Voice Memos

The past few weeks I've been a busy chap. I've been building a new web app for recording voice memos. I tried to do as much right as I could, using all the modern technologies. As with all projects, not everything went swimmingly...

  • Last updated: 15 May 2015
  • Est. Read Time: 13 mins
  • Tagged: #app, #voice, #web

See Voice Memos

Overview and Highlights

The app is simple enough in its concept: allow users to record voice memos, persist them on the device, and allow for offline access. The idea is, in many ways, to show that there is a whole class of applications that the web can deliver perfectly well, and across platforms at that!

Here’s what I baked in:

  • Service Worker and IndexedDB for offline. No good having an app that can work offline but doesn’t. Just as well we have amazing new tech to make that a reality, isn’t it?
  • ES6 classes, fat arrow functions, and Promises. I went all-out crazy to try and use tech that I felt were on the leading edge of what we want to use as developers. I used Babelify (more on that in a bit) to transpile to ES5.
  • High performance. I really tried to make loading and render performance super high priorities in the build. Not always the easiest, but it’s certainly possible given some care. I don’t have access to all the hardware and software configurations out there, but I’m confident that there’s not much more I could have optimized in the app at this stage.
  • Material Design and Responsive.

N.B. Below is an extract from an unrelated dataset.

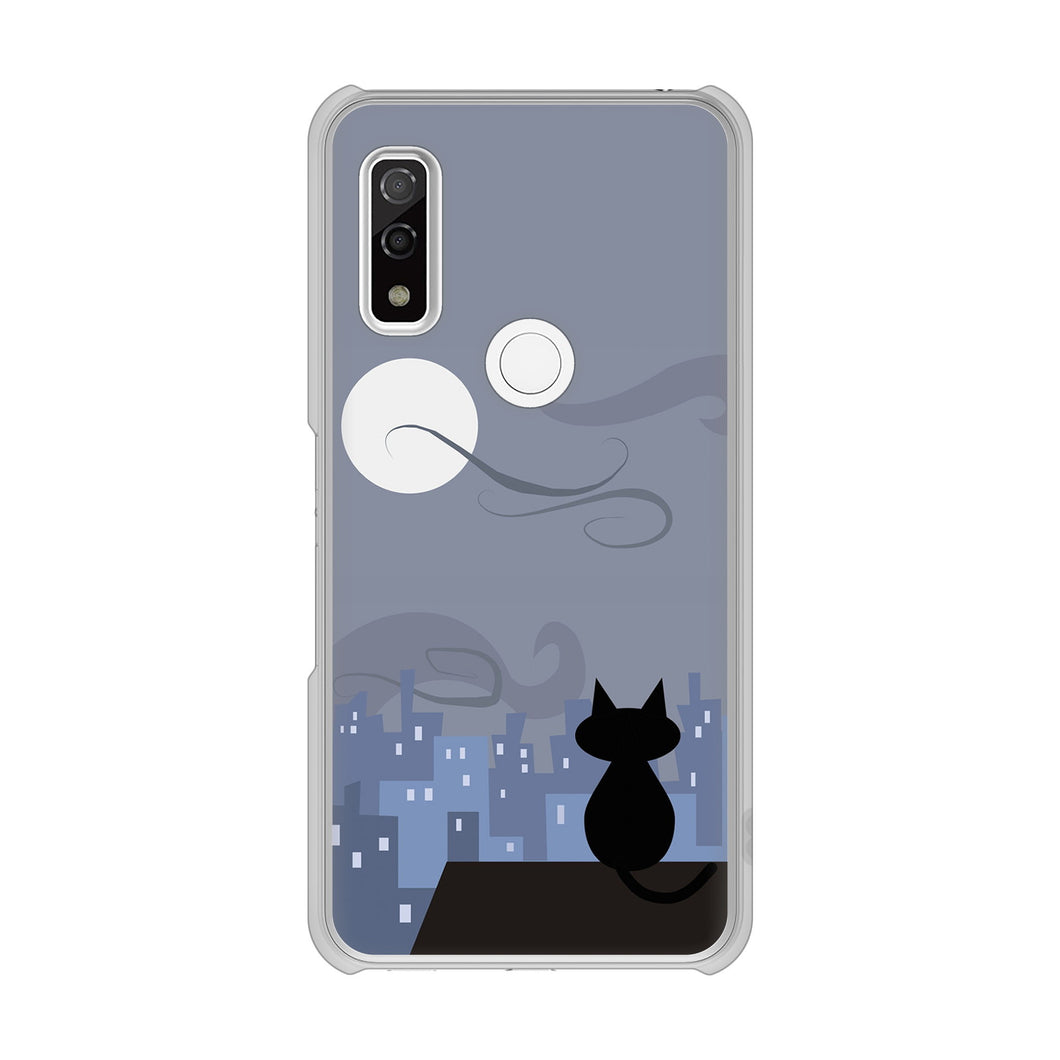 arrows We FCG01 高画質仕上げ 背面印刷 ハードケース 夜とネコ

It works on mobile through desktop with three breakpoints on small, medium, and large screens. As usual I set a breakpoint when I felt the content looked broken. (Partly why I feel it’s healthy for developers to understand design as much as for designers to understand development.)
  • Open source. Of course it is! \o/ Go and get the code and have a look around!

Browser Support

Let me say right from the start that Mobile Safari isn’t supported… yet. Not because I don’t like it as a browser. Far from it, in fact. My two day-to-day devices are a Nexus 5 and an iPhone 5S, so I’m quite down with Safari as a consumer. But, and this is the key issue, iOS doesn’t support getUserMedia, which I need to be able to pipe microphone audio to the Web Audio API. Without it there’s no realistic means to live-capture audio. There are weird hacks one can use to record a video and then attempt to rip out the audio, but … well, no. No.

In any case iOS already has a voice memos app, so, you know, there’s that.

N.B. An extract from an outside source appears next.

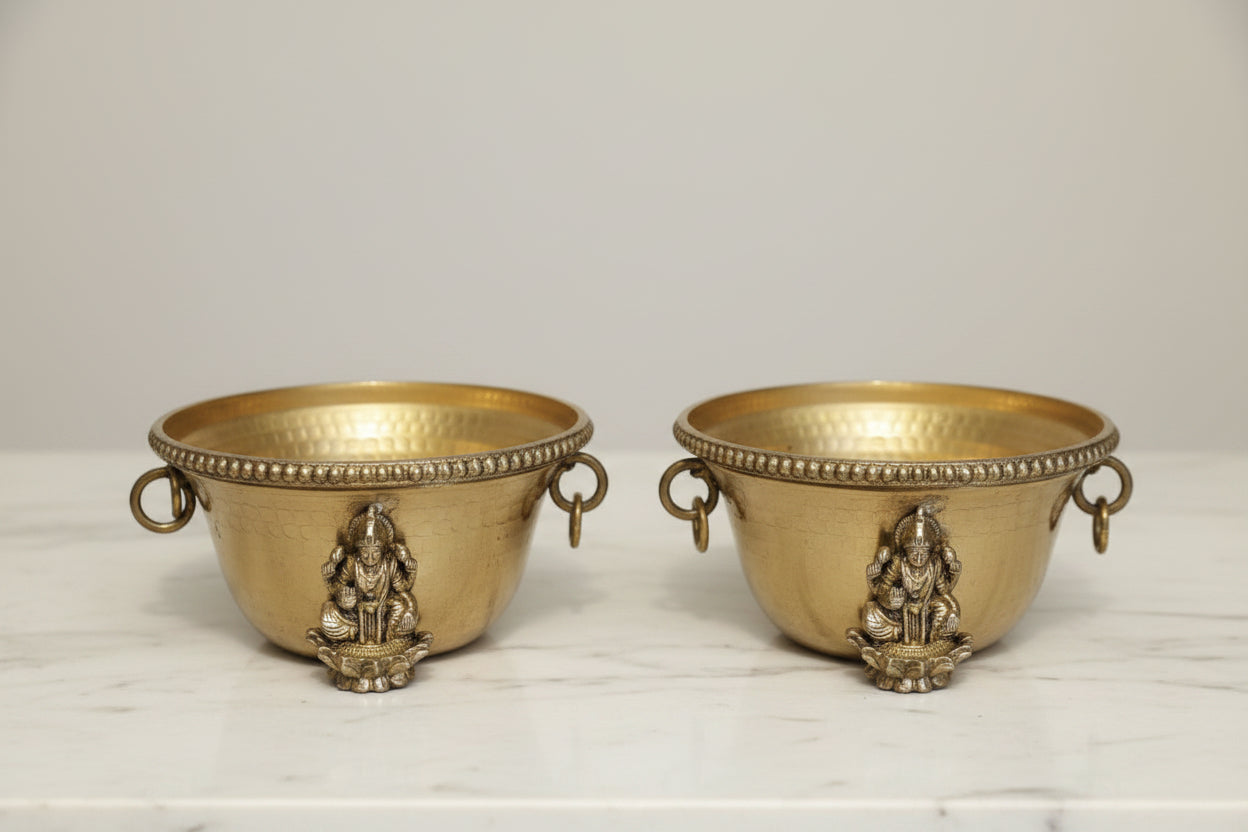 Brass Lakshmi Bowl Set of 2 – Traditional Pooja Prasadam & Sweets Serving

Since we’re talking broken, let’s also talk about codecs. My biggest frustration was the state of media today. What I wanted to do was to create encoded files to store in IndexedDB. By default the buffers you get from the Web Audio API are uncompressed, bit like getting a bitmap image. So I looked into what I could do about it. Turns out there are some excellent people who have Emscriptened things like the LAME MP3 encoder, and an Ogg Opus one (I’d never heard of the Opus format before this!) to boot.

Logo: opus-codec.org

The LAME MP3 encoder was 296KB, which I just couldn’t justify downloading on every visit. And, for that matter, MP3 encoders seem to be mired in patents stuff, which I don’t fully understand, and therefore want to avoid. Meanwhile, the Ogg Opus one… Well, that was just over 500KB, but, hey, better than storing WAVs on peoples’ devices, or getting into patent problems, I guess.

Long story, short: the app has to store audio as WAVs, so don’t record long memos!

It turns out that Chrome supports Ogg Opus on desktop through the <audio> tag, or new Audio(), but not through the Web Audio API’s decodeAudioData function. (I totally filed a bug on that.) On mobile Chrome only supports Opus when it’s in a Matroska container… Honestly, I have never heard of .mkv files, either.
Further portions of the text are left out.